How Saudi Arabia’s Rulers Became Best Friends With Israel

Both junior US allies, Israel and Saudi Arabia have nurtured ever warmer relations in recent years. But Saudi Arabia’s closeness to Israel is also a source of criticism at home, setting it at odds with broad public support for Palestine.

Saudi Arabian crown prince Mohammed bin Salman at a summit in Jeddah, Saudi Arabia, on July 16, 2022. (Royal Court of Saudi Arabia / Anadolu Agency via Getty Images)

Coziness between the Israeli state and Saudi Arabia is as long-standing as it is undeclared. Judging by recent talks, it is apt, too, that one of the first formalizations of this relationship could be the introduction of flights between the two countries, particularly so that Palestinian-Muslim citizens of Israel can more easily undertake hajj.

The possible utility of Mecca in bringing the Israelis and Saudis closer is illustrative. Each state claims that it represents an ancient religion, indeed ones that are often simplistically depicted as in conflict. But claims that they might one day achieve a hard-won coexistence mask the reality that they have a lot in common — an authoritarian comfort with state violence, a common role as junior US allies, and indeed an overemphasized veneer of religion as deflection and distraction from state crimes.

Religion as an institution can offer dignity in life or strengthen belief in causes that are just: but its use in this instance is squarely aimed at defending the power of states where any trace of spirituality is hard to find. Indeed, making the home of Mecca synonymous with public execution and reckless war, or the purported home of Judaism a sinister military apartheid that makes a mockery of international law and undermines Western democracies, are prominent drivers of racism against Jews and Muslims everywhere.

Similarities, of course, go beyond only religious claims. Saudi Arabia recently received some rebuke for a mass execution of eighty-one men, while the Israeli authorities are going about a similar acceleration in their killing of Palestinians. The year 2022 saw some five times more Palestinian deaths at the hands of Israelis than the year before, and 2023 has started with even more murders.

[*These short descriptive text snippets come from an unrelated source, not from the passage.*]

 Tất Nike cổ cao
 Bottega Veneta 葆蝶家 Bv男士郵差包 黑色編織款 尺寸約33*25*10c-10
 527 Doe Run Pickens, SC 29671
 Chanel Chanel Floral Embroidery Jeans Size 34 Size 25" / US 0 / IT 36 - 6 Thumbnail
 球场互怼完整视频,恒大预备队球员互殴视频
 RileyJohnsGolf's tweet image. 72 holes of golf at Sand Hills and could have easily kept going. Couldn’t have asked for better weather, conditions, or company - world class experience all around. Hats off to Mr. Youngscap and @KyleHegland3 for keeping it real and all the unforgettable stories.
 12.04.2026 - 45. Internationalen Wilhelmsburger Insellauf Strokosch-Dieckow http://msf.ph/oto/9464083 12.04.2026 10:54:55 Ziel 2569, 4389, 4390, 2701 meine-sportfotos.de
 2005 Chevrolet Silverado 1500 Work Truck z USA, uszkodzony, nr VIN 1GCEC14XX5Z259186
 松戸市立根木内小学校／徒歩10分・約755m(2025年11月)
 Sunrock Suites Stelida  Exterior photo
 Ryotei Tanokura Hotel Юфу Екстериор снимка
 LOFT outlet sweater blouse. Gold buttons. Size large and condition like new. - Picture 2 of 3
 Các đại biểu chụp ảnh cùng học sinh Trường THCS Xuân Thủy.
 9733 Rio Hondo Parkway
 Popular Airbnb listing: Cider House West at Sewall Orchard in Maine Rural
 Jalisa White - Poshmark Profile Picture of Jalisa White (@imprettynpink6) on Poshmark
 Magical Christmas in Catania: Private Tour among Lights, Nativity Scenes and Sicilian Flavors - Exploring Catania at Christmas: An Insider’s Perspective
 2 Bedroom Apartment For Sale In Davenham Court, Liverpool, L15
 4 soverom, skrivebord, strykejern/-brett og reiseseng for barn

The killing of Shireen Abu Akleh is only the best-known Israeli murder among many other that resemble straight-up executions.

We should be under no illusions, too, that Saudi executions, in endeavoring to keep down Arab democracy, are also to the good of the Israelis. This, after all, is why the Israeli state in West Jerusalem licensed both the Saudis and the United Arab Emirates to use the spyware that helped track and kill Jamal Khashoggi and so many other Arab dissidents. This clear-sightedness about how regional power systems really operate is likewise why Yemen’s Houthis have offered Saudi Arabia prisoner swaps for Palestinians kept in Saudi jails.

If the Israeli-Saudi bonhomie is to be formalized anytime soon, then so too will Western mainstream opinion need an update. All the cute propaganda attached to Israeli policy — the cultural projects, arts sponsorship, the colonization of cuisine, the polite dinnertime chatter, the supposedly liberal Tel Aviv nightclub — will be masking not only violence in Palestine, but also in alliance with the kingdom and sword of Saudi Arabia. Where the Israelis have been mostly successful in depicting their apartheid as liberal and democratic, for those who wanted to believe in such obvious falsities, Saudi Arabia has largely failed to buy its way to this acceptance. Any completion in the friendship will ensure that more of the Saudis’ well-earned reputation for viciousness rubs off on their Israeli partners.

Black Boxes

Despite this, it is because of the similarity in violence and methods that depicting Saudi Arabia as only an object of disdain to damage the already-falling Israeli facade is in a sense unfair on the Saudis. An equal charge is that Saudi Arabia, eager to curry favor with Western publics, is harming its own chances of acceptance by warming to an Israeli regime long-regarded as brutal and now formally understood as an apartheid state.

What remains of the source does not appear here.